Input records below:

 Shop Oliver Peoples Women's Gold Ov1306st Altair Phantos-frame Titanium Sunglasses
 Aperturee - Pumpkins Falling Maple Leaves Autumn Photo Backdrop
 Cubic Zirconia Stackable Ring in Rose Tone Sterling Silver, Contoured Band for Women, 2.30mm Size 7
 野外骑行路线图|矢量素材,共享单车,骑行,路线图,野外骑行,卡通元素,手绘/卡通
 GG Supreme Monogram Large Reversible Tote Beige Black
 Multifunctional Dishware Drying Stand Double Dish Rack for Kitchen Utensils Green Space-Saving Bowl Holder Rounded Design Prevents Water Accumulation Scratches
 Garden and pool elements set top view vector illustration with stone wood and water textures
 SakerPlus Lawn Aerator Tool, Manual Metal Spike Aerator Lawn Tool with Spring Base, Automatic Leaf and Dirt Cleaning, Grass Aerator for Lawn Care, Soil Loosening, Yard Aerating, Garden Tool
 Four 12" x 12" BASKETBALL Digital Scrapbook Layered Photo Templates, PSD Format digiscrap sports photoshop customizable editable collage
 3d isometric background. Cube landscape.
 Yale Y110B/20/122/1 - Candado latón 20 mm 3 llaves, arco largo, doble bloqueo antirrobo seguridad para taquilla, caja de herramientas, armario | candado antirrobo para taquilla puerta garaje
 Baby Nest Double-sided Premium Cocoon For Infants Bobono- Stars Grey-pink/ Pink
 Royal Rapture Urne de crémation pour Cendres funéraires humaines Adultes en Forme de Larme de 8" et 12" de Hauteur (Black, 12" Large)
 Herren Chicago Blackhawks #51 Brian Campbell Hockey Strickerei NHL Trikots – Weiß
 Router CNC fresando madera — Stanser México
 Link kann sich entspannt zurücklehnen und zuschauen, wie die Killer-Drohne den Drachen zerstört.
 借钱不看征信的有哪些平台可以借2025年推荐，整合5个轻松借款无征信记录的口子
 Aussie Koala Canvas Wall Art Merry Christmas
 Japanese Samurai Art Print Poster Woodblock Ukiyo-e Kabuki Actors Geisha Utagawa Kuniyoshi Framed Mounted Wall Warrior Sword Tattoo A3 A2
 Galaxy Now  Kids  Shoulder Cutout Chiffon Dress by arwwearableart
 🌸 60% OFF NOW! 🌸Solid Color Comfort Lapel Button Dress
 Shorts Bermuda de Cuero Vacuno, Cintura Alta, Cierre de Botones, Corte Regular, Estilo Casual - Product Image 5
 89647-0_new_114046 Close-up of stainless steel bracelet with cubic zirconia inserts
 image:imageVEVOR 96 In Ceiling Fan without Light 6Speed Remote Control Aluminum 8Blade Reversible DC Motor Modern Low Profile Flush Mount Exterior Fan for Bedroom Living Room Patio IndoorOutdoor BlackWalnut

End of Input records.

→ **What is expected**:
Word for word, reproduce the lines of the listing from the first one through the line containing "Garden and pool", and no more.

→ **Written answer**:
 Shop Oliver Peoples Women's Gold Ov1306st Altair Phantos-frame Titanium Sunglasses
 Aperturee - Pumpkins Falling Maple Leaves Autumn Photo Backdrop
 Cubic Zirconia Stackable Ring in Rose Tone Sterling Silver, Contoured Band for Women, 2.30mm Size 7
 野外骑行路线图|矢量素材,共享单车,骑行,路线图,野外骑行,卡通元素,手绘/卡通
 GG Supreme Monogram Large Reversible Tote Beige Black
 Multifunctional Dishware Drying Stand Double Dish Rack for Kitchen Utensils Green Space-Saving Bowl Holder Rounded Design Prevents Water Accumulation Scratches
 Garden and pool elements set top view vector illustration with stone wood and water textures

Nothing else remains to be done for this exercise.